Optimization of periodic composite structures for sub-wavelength focusing

TL;DR

This paper formulates an optimization approach to design periodic dielectric composite structures that achieve sub-wavelength focusing, surpassing traditional photonic crystal limitations, with solutions validated through numerical examples.

Contribution

It introduces an optimization framework for designing dielectric composites with enhanced focusing capabilities, demonstrating the potential for smaller image spots than existing photonic crystals.

Findings

Existence of optimal solutions with low absorption

Numerical examples show improved focusing performance

Design method can produce sub-wavelength image spots

Abstract

Recently, there has been plenty of work in designing and fabricating materials with an effective negative refractive index.
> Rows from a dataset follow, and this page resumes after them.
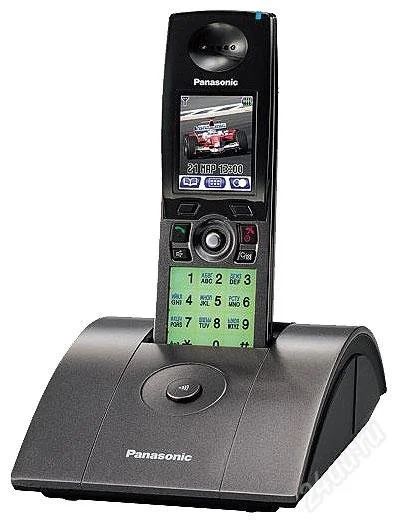 Лот: 1621290. Фото: 1. Радиотелефон Panasonic KX-TCD805. DECT и радиотелефоны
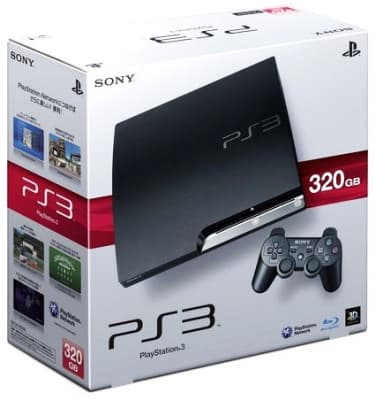 Anúncio: CAIXA VAZIA PS3 SLIM 160/320 GB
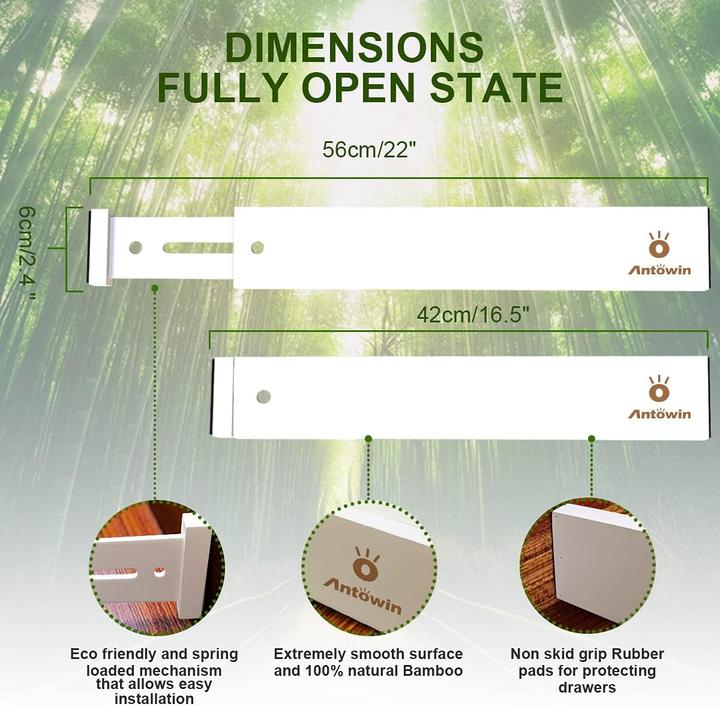 Actual product image Antowin Drawer divider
Veselago realized that a slab of material with a refractive index of -1 would act as a lens. Pendry suggested that the Veselago lens would act as a superlens, providing a perfect image of an object in contrast to conventional lenses which are only able to focus a point source to an image having a diameter of the order of the wavelength of the incident field. Recent work has shown that similar focusing effects can be obtained with certain slabs of ``conventional'' periodic composite materials: photonic crystals. The present work seeks to answer the question of what periodic dielectric composite medium (described by dielectric coefficient with positive real part) gives an optimal image of a point source. An optimization problem is formulated and it is shown that a solution exists provided the medium has small absorption. Solutions are characterized by an adjoint-state gradient condition, and several numerical examples illustrate both the plausibility of this design approach, and the possibility of obtaining smaller image spot sizes than with typical photonic crystals.